Debug info has been saved to /tmp/qiime2-q2cli-err-f8wc1mt8.log

And the contents of the temp log:

Traceback (most recent call last):
_ File “/software/hprc/Anaconda/3-5.0.0.1/envs/qiime2-2018.8/lib/python3.5/site-packages/q2cli/commands.py”, line 274, in call_
_ results = action(**arguments)_
_ File “”, line 2, in filter_table_
_ File “/software/hprc/Anaconda/3-5.0.0.1/envs/qiime2-2018.8/lib/python3.5/site-packages/qiime2/sdk/action.py”, line 231, in bound_callable_
_ output_types, provenance)_
_ File “/software/hprc/Anaconda/3-5.0.0.1/envs/qiime2-2018.8/lib/python3.5/site-packages/qiime2/sdk/action.py”, line 362, in callable_executor_
_ output_views = self.callable(**view_args)
_ File "/software/hprc/Anaconda/3-5.0.0.1/envs/qiime2-2018.8/lib/python3.5/site-packages/q2_taxa/method.py", line 93, in filter_table
_ raise ValueError("All features were filtered, resulting in an "_
ValueError: All features were filtered, resulting in an empty table.

Any ideas?

Edit: ignore dashes around the contents of the error message and tmp log - tried to italicize but didn’t work out too well :disappointed_relieved:

For that specific case you can do something like --p-include 'o__Actinomycetales;f__;' and it would grab everything that contains that substring. Just make sure you don’t use “exact” mode.

Uh oh.
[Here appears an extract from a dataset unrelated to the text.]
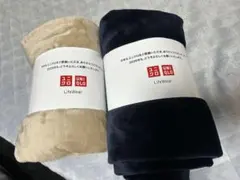 ユニクロ　UNIQLO ブランケット　非売品　限定品　年末祭
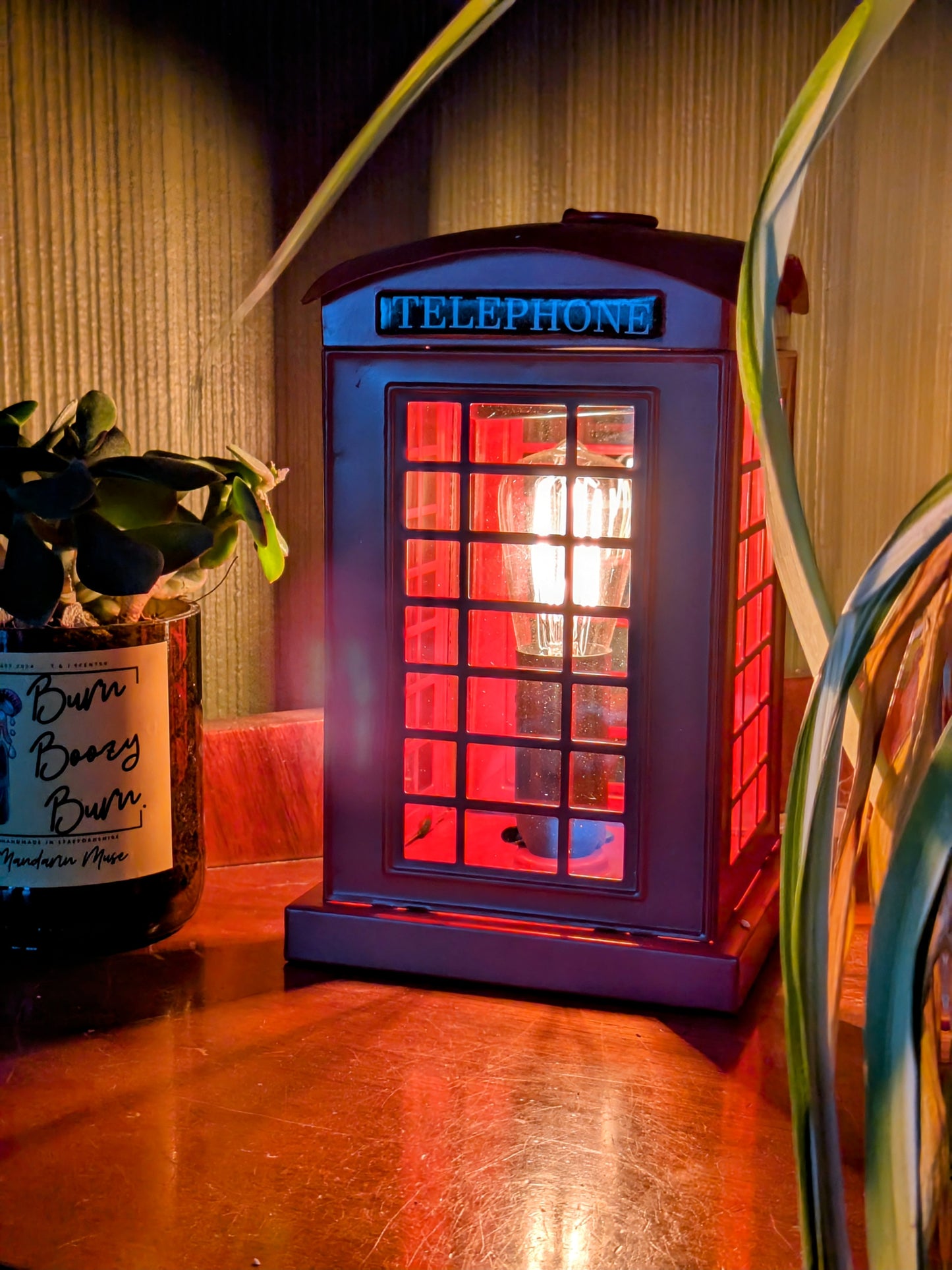 Telephone Box Burner | Wax Melt Warmer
Note the barplot may not necessarily contain the same exact feature names, since it will fill empty levels with underscores (e.g., something classified as “k__Bacteria” will appear as “k__Bacteria;;” if you display at level 3. From your code snippet it looks like that is not the problem, but just want to point that out.

The best way to make sure your search terms match what you have in your taxonomy file would be to export that file and confirm that those strings are present.
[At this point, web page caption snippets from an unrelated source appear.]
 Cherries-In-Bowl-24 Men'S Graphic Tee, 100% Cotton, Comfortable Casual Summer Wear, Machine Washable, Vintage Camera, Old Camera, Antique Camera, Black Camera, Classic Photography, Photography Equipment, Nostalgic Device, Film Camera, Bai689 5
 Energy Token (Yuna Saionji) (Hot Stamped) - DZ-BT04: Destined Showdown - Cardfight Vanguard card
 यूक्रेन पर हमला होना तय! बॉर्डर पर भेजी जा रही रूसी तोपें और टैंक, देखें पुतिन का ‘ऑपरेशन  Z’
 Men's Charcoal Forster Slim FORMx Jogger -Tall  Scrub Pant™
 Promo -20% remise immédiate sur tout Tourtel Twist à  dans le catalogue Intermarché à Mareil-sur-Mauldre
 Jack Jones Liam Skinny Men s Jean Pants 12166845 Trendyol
“exact” will not help since it makes the search more strict.

Try exporting your taxonomy file and let us know what you find!

You were right, the barplot did not contain the exact feature names.
I looked in my taxonomy file and noticed that there are spaces between taxonomic levels (like o__Actinomycetales; f__Corynebacterineae; g__) so added the spaces and it worked! I thought this was kind of weird since this was just an imported version of the greengenes taxonomy, but looks like this is how that taxonomy file is as well, which I had never noticed because I always pay attention to the taxa names from my summarize taxa (now barplot) output.
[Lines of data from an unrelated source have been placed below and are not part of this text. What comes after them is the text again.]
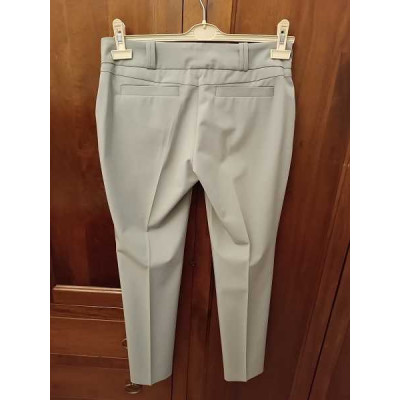 Peserico - Pantalone da donna in poliestere color beige - Italianfashionglam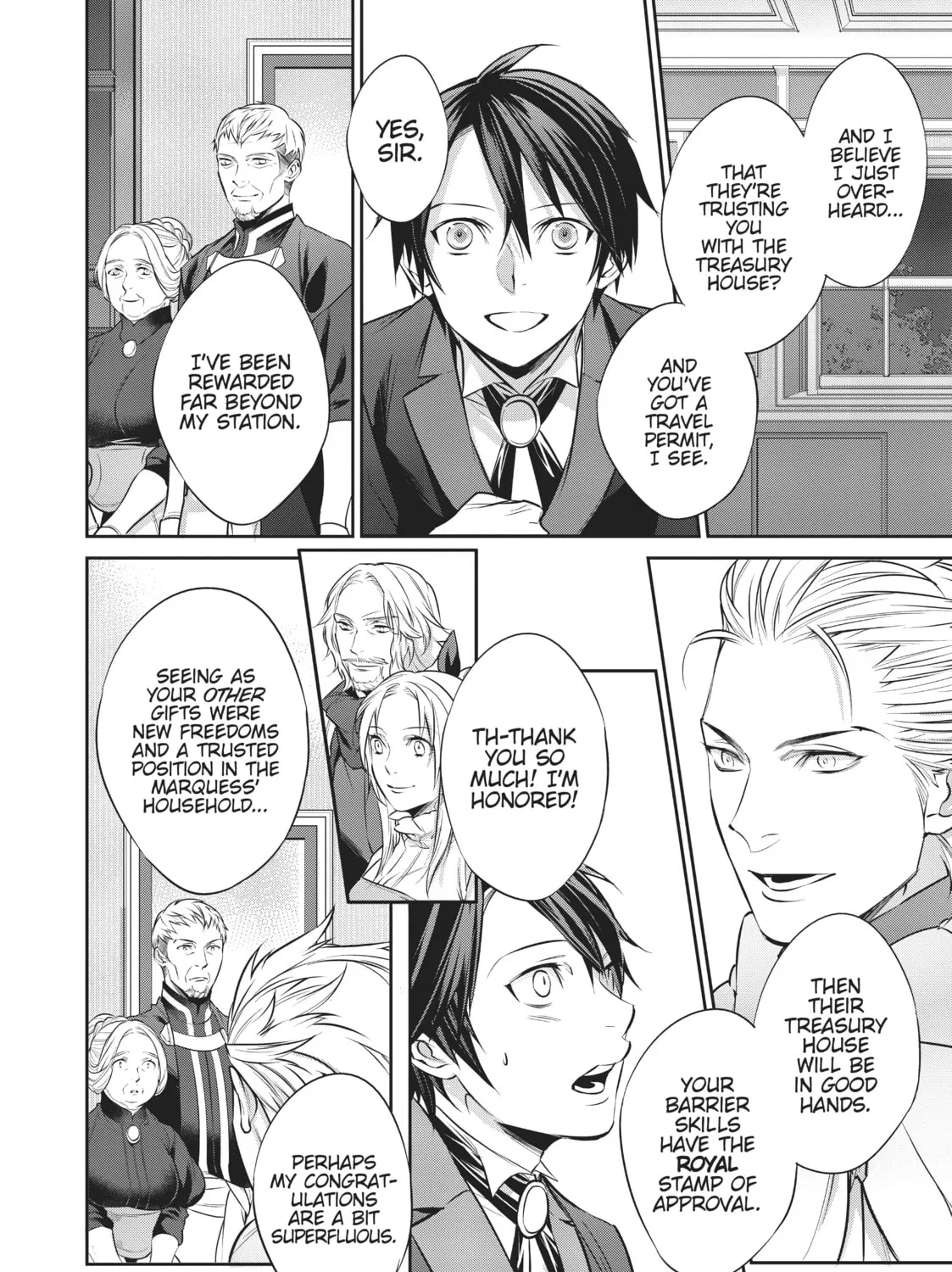 Reborn as a Barrier Master Chapter 4 page 31 - 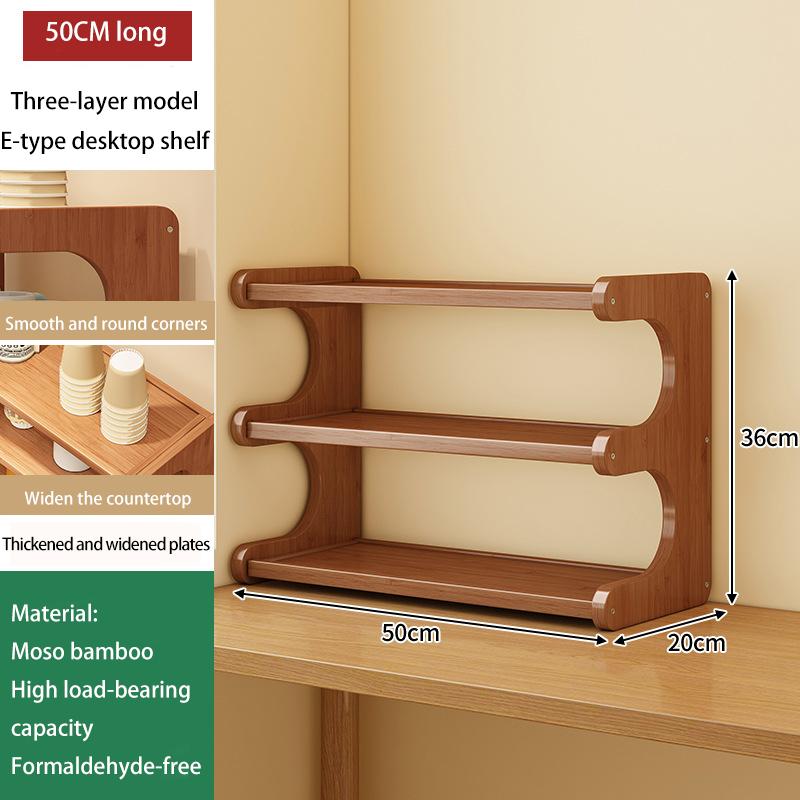 

Student Dorm Multilayer Desktop Bookshelf Storage Organizer Books Magazines Study Table Shelf Home Desk Organizer
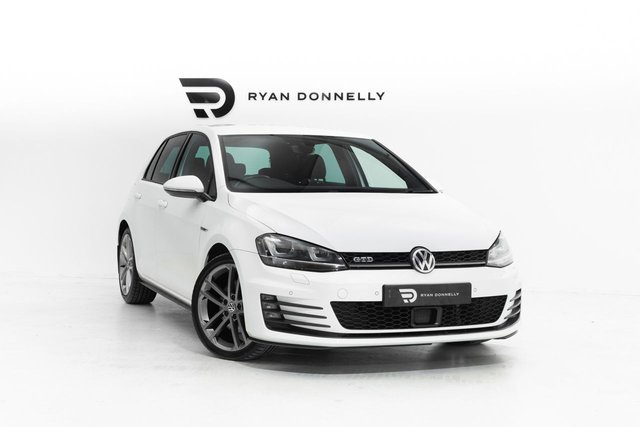 2017 G Volkswagen Golf 2.0 TDI BlueMotion Tech GTD Hatchback 5dr Diesel DSG Euro 6 (s/s) (184 ps)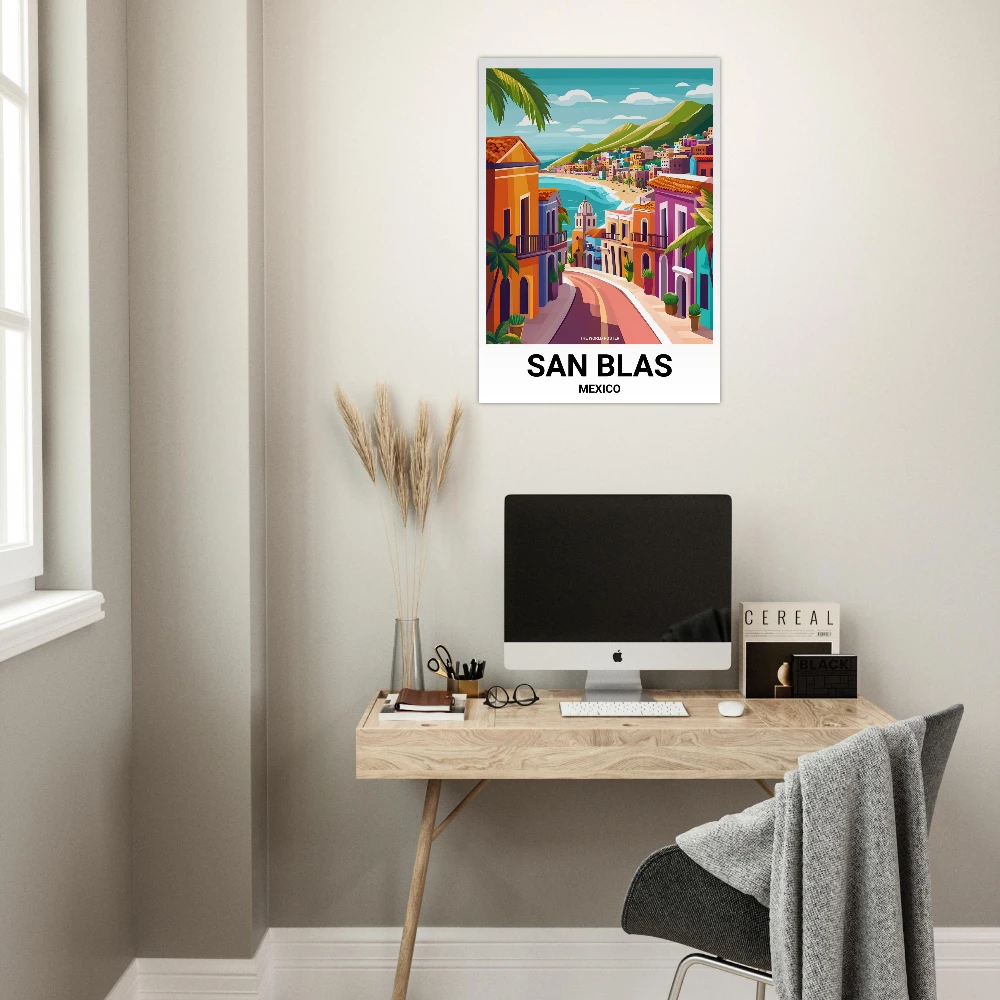 Affiche SAN BLAS - Image 2 of 6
Just for some context for anyone that may run into this issue in the future, I had identified “core microbiota” in my control samples, and was then filtering my original feature table that included all samples to include just these taxa. So I had gotten the list of taxa names from the visualization.qzv output from the core-features command, which also has the feature names as would be shown in the output of a barplot, which is not correct for filtering based on the taxonomy files, which has the spaces.

Thank you!!

2 Likes

This topic was automatically closed 31 days after the last reply. New replies are no longer allowed.